To be able to use custom endpoints with the latest Spark distribution, one needs to add an external package (hadoop-aws
). Then, custum endpoints can be configured according to docs.
bin/spark-shell --packages org.apache.hadoop:hadoop-aws:2.7.2
Add this to your application, or in the spark-shell
:
sc.hadoopConfiguration.set("fs.s3a.endpoint", "<<ENDPOINT>>");
sc.hadoopConfiguration.set("fs.s3a.access.key","<<ACCESS_KEY>>");
sc.hadoopConfiguration.set("fs.s3a.secret.key","<<SECRET_KEY>>");
If your endpoint doesn't support HTTPS, then you'll need the following:
sc.hadoopConfiguration.set("fs.s3a.connection.ssl.enabled", "false");
You can use s3a urls like this:
s3a://<<BUCKET>>/<<FOLDER>>/<<FILE>>
Also, it is possible to use the credentials in the path:
s3a://<<ACCESS_KEY>>:<<SECRET_KEY>>@<<BUCKET>>/<<FOLDER>>/<<FILE>>
I am getting this error when I am reading S3 local instance.

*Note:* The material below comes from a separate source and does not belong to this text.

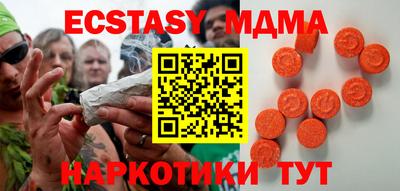 молекула духа Донецк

The confs I have set are -
val sparkConf = new SparkConf().setAppName("testing") .set("fs.s3a.endpoint", "http://127.0.0.1:9090") .set("fs.s3a.multipart.size", "104857600) .set("fs.s3a.connection.ssl.enabled", "false") .set("fs.s3a.access.key", "adfadf") .set("fs.s3a.secret.key", "qerqer")

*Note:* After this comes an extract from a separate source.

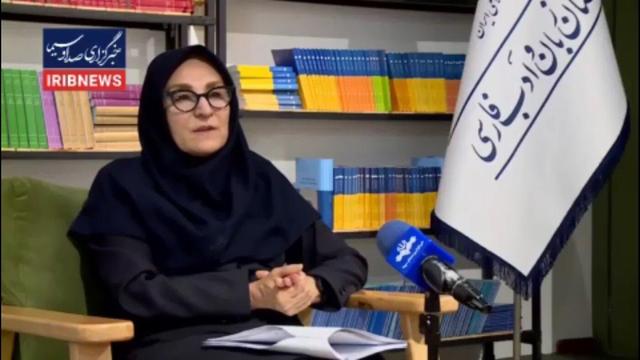 فرهنگستان زبان چه واژه‌ای را جایگزین «کرانچی» می‌کند؟ +ویدیو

java.lang.IllegalArgumentException
at java.base/java.util.concurrent.ThreadPoolExecutor.(ThreadPoolExecutor.java:1293)
at java.base/java.util.concurrent.ThreadPoolExecutor.(ThreadPoolExecutor.java:1215)
at org.apache.hadoop.fs.s3a.S3AFileSystem.initialize(S3AFileSystem.java:280)